Me llamó la atención la estantería donde se hallaban los libros de Pearl. Entre ellos estaba la novela de Dickens que Pearl llevaba bajo el brazo cuando nos conocimos. De buena gana la habría sacado de su sitio y besado la tapa si no hubiera sido por un letrero en el que ponía: NO TOCAR.

En el dormitorio vi el costurero de Carie encima de la mesa. Me impactó tanto su imagen que retrocedí en el tiempo con todo mi ser.

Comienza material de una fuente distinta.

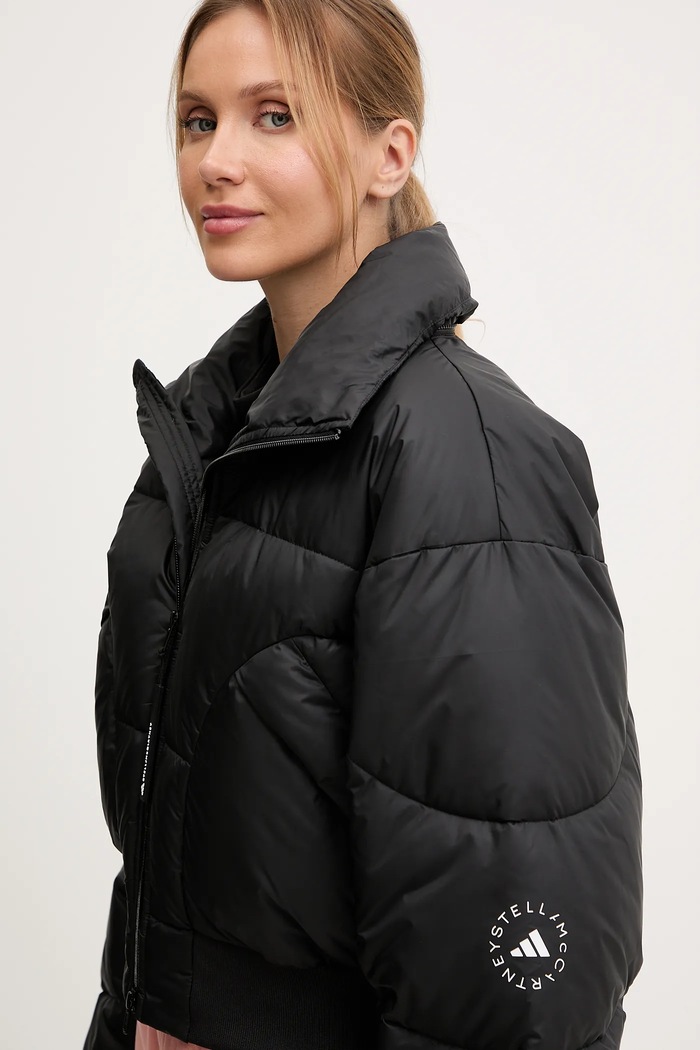 Bunda adidas by Stella McCartney ASMC Crop čierna JW2027
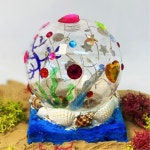 초등 학생 저학년 LED볼 인어를 찾아서 만들기 4P 어린이집 노인 엄마표 : 카빌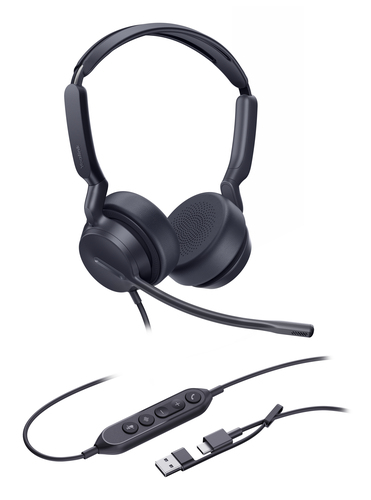 Гарнитура YEALINK UH42 Dual UC USB-C/A, Проводная, HD звук, шумоподав. LED-индикатор, USB-C/A, шт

«¡Cómo puedes renunciar a plantar una tierra abonada!», oí cómo gritaba Absalom a Carie. Él quería que ella le ayudara a conseguir nuevos conversos cuando la gente iba a darle las gracias por curar a sus hijos con medicinas occidentales. A Absalom no lo escuchaba nadie porque lo veían como un loco. Él culpaba a Carie y Pearl de no esforzarse lo suficiente. «¡Los cristianos no son Cristo!», les decía constantemente. Para Carie, la costura era su forma de escapar de Absalom. Se dedicaba a coser tranquilamente mientras su marido explotaba.

Aunque Pearl defendía a su padre en público, ante mí reconocía que Absalom merecía sus derrotas. Pearl no soportaba la tristeza de su madre, sobre todo cuando veía que sus lágrimas empapaban la tela que estaba cosiendo. «El defecto de Absalom es tan grande que no puede superarlo —decía—. Mi madre y yo tememos ayudarlo».